I've read quite a few stories in which the Winchester boys had cell phones in the early 90's. Yes, cell phones were on the market, but I would take a lot of convincing to make me believe that even John Winchester would have a cell phone at that point. They were bulky and expensive, and pre-paid plans were not available. Also, the rural/small-town areas the Winchesters tend to stay in wouldn't likely have had good service.
I know that at this point most kids over the age of ten have their own phones, and I know that cell phones penetrated the market much more quickly in some other countries, but my experience in the early 90's was that mostly only people with high-power jobs had cell phones. It's canon that Dean had his own cell phone by his senior year of high school in 1997, but I imagine it was a fairly new thing.
So, how did the Winchesters communicate before cell phones? I suspect they would have used a combination of pagers, motel room phones, pay phones, calling cards, and answering services. For anybody too young to remember, a pager was a small electronic device usually worn on the belt or in the pocket. To page somebody, you would call the pager number and then dial the number you were calling from. Some people had other numeric codes they'd put at the end of the phone number--like 911 for an emergency. Alphanumeric pagers were eventually available.
Like, say, John has a pager. Dean has a pager once he's old enough to be off on his own. Sam maybe but probably not when he was little. Dean and Sam are staying in a a motel room while John's on a hunt, so when Dean needs to talk to John he calls from the motel phone or a pay phone. If it's a long distance number, he probably uses a pre-paid calling card because motels would charge an arm and a leg for long distance calling, and the pay phone would require a bunch of change otherwise. He leaves the motel room number and eventually John gets the page and calls Dean back. If, say, the boys are staying in an apartment or cabin with no phone, Dean would have to leave the number of a pay phone and then hang out by the pay phone hoping for a call back.

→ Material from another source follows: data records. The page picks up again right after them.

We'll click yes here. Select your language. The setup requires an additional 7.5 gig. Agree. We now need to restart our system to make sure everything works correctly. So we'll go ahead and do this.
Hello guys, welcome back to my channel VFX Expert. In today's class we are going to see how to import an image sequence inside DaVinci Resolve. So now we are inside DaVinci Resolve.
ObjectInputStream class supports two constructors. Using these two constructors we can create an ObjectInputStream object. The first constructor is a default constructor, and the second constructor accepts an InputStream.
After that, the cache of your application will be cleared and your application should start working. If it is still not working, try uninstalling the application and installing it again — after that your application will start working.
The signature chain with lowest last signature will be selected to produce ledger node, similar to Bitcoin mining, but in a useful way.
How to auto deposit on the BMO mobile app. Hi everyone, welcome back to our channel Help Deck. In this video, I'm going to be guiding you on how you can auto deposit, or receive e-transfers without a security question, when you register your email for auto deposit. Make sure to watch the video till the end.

Luckily, there were a LOT more pay phones--in motel and convenience store parking lots, inside diners, on random street corners and alongside roads. And pagers and pager service were relatively cheap and easily available. In the late 80's and very early 90's, though, both wearing a pager and hanging around pay phones was often seeing as an activity common to drug dealers. So, being seen with a pager might have given Dean a bad reputation in, say, middle school.

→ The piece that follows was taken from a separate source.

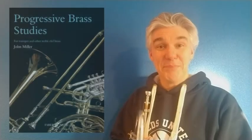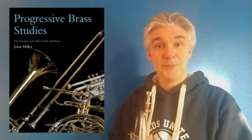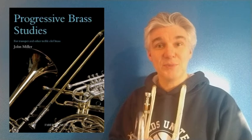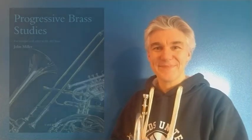Hello, today we're looking at Bothy Ballad. It's number one in the Progressive Studies book by John Miller. This is not only a nice piece to play, it's good for us.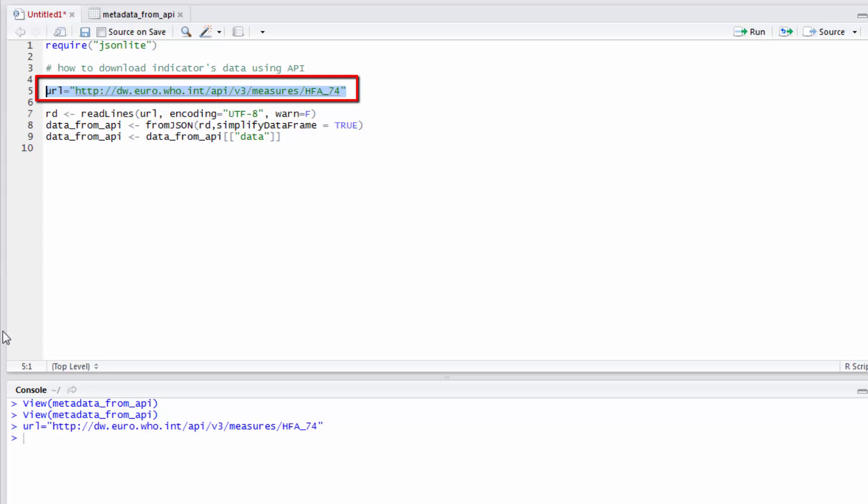This is exactly the information that I have retrieved in metadata under column URL.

When other people--say Bobby or Pastor Jim or other contacts--needed to give John non-urgent information over the phone, John might have had an electronic answering service, like voice mail, that people could call and leave messages and then John would call and check for messages periodically.
Another thing I haven't seen explored is the transfer of data pre-internet. We know that in the 70's hunters had to mail information to each other, but in the 80's and 90's they most likely would have faxed information back and forth. I imagine that Bobby and Pastor Jim had fax machines and small photocopiers in order to get book pages into faxable form. John could have gone to a copier store or maybe a public library (or, later, the motel office) to receive the faxes.
I know that some people out there, or some people's parents, were early adopters of technology, carting around humongous brick-sized cell phones in 1991, but does anybody see John Winchester as an early adopter? I see him as the kind of guy who preferred to be away when he was away, not tethered to technology. Sam, OTOH, may have yearned for it but would've had no means to get it back then. I think that keeping these, and other, historical issues in mind could help writers to create new stories with new complications that will be awesome to read.
So, what am I leaving out? Agree or disagree, discussion is very much welcome.